No one can deny the efforts he has made to put something back into the game

Amid his many achievements in a stellar playing career, Nick Faldo won six major championships: the Open in 1987, 1990 and 1992; the Masters in 1989, 1990 and 1996. Of all British golfers, only Harry Vardon, who began plying his trade in the late 1800s, has more. He won six Opens and one US Open. Despite his enormous and deserved reputation, Spain’s Seve Ballesteros, an exact contemporary of Faldo’s, ‘only’ won five majors.


It is fair to say that Faldo had (more than) his fair share of critics when he was in his prime, in part for being seen as too focused on being a great golfer and anything that might get in the way of that could just get the hell out of the way.
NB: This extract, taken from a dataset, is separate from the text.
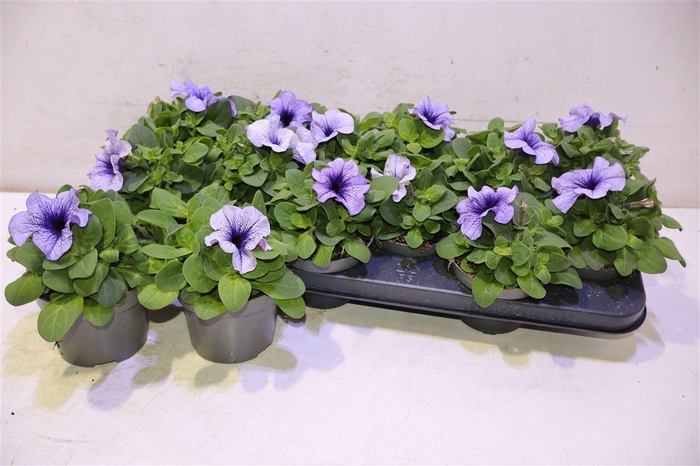 <h4>Petunia Blauw</h4>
But no one can deny the efforts he has made to put something back into the game that provided him with fame and fortune.

He could have just quit and put his feet up, or just stuck to designing golf courses and/or doing TV commentary. But he initiated the much-admired Faldo Junior Series, which has helped scores of golfers, Rory McIlroy included. His philanthropy led to him being awarded a knighthood and, separately, to the creation of the Major Champions Invitational (MCI) event in Florida, which this year was staged for the second time.


“The idea is to create a field of the best young players in the world,” Faldo explained. The format is that 18 major champions, including himself and Ballesteros – whose voice is posthumously represented by his Foundation, likewise for Payne Stewart – choose four 18-year-old golfers, two boys and two girls, to play in the tournament both on behalf of themselves and for their team. How the champions go about this is up to them. “My players are global,” said Faldo. “I choose them from around the world. But Henrik [Stenson] had qualifying events in Sweden to pick his team. So did Annika [Sorenstam, whose team won]. Adam Scott, for example, picked some kids from Australia.”
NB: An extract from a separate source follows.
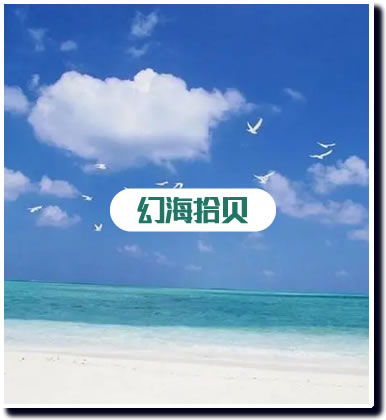 幻海拾贝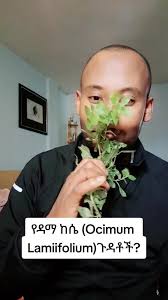 Image result for Ocimum lamiifolium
Sorenstam was one of seven women major champions involved in the process – “which we were very pleased about,” said Faldo. He added: “We set the event up like it’s for a pro tournaments. It gives them an idea of what may lie ahead. I think 72 young amateurs on a golf course is a great number; I’m not sure that we want to make it bigger than that. Eventually I would like to take it global but the odds are that it will be held in the States in 2020.”
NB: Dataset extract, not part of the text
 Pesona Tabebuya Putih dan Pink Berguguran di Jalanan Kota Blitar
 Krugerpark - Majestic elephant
Going back to Faldo’s heyday, I recall a piece in Sports Illustrated in July 1996, reviewing the recent Open Championship at Royal Lytham & St Annes. It was won by Tom Lehman, who had gone into the final round six shots clear of Faldo, who lay second. Faldo finished fourth, three behind Lehman. Bearing in mind that Nick had overturned precisely that margin to beat Greg Norman in the Masters three months previously, the writer, Rick Reilly, declared that the Englishman had thus become the “first golfer in history to blow a six-shot deficit”.


It’s a good line in humorous irony. Given the press he sometimes used to get, Nick Faldo might have been inclined to think “bloody typical”.